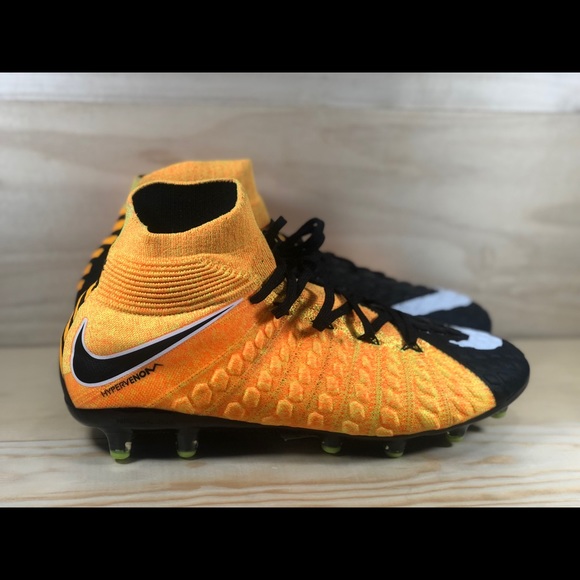 Футбольные бутсы NIKE HYPERVENOM PHANTOM III SG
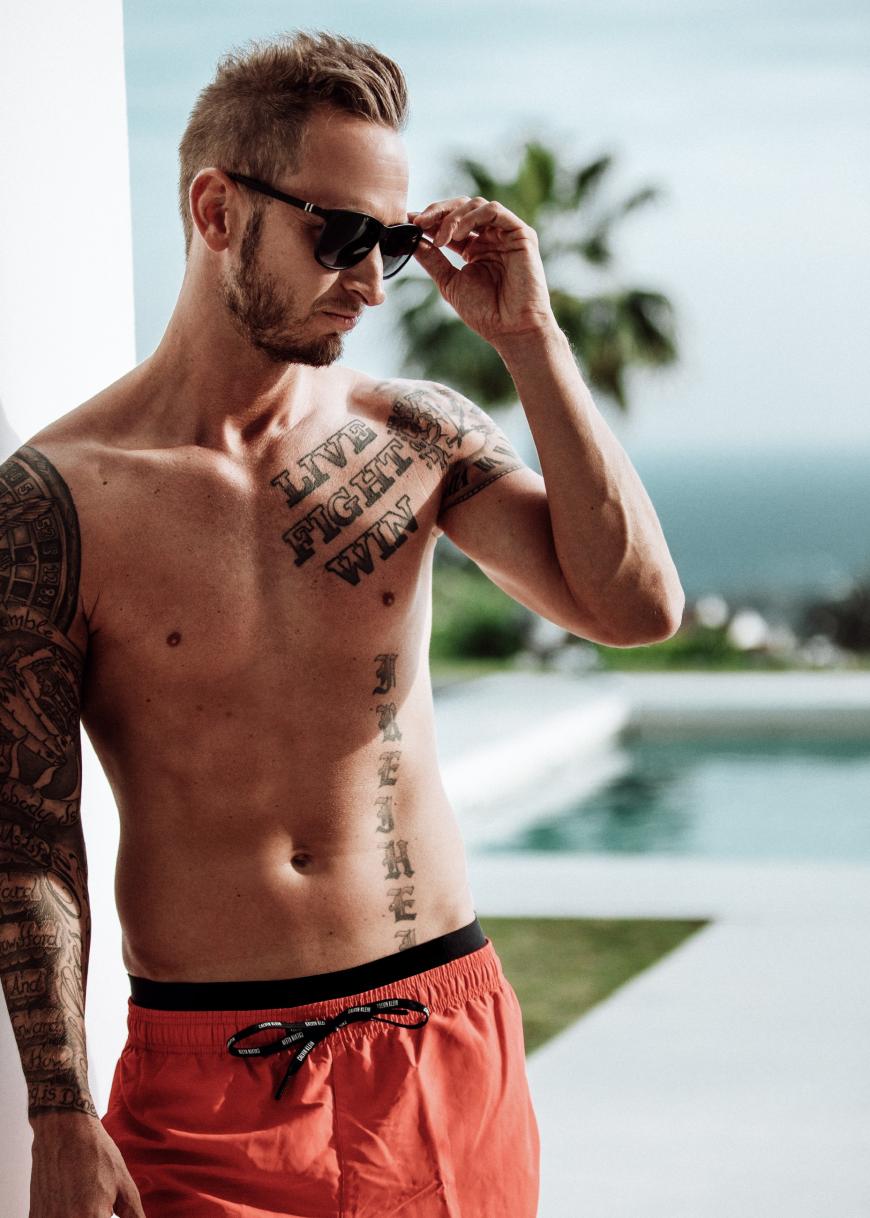 Basti, 34, Entertainer aus Mönchengladbach: „Ich weiß, was ich will“.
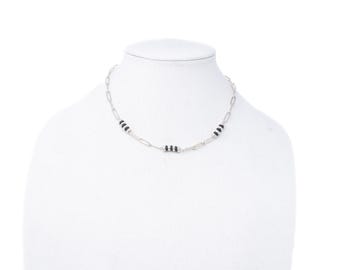 Vintage Sterling Silver Bead Accented Paperclip Necklace! [Size 17 US]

|---|

WHAT IS NEEDED
Return the data above unchanged. Pictures are not part of the copy.

EXERCISE RESULT
 Футбольные бутсы NIKE HYPERVENOM PHANTOM III SG
 Basti, 34, Entertainer aus Mönchengladbach: „Ich weiß, was ich will“.
 Vintage Sterling Silver Bead Accented Paperclip Necklace! [Size 17 US]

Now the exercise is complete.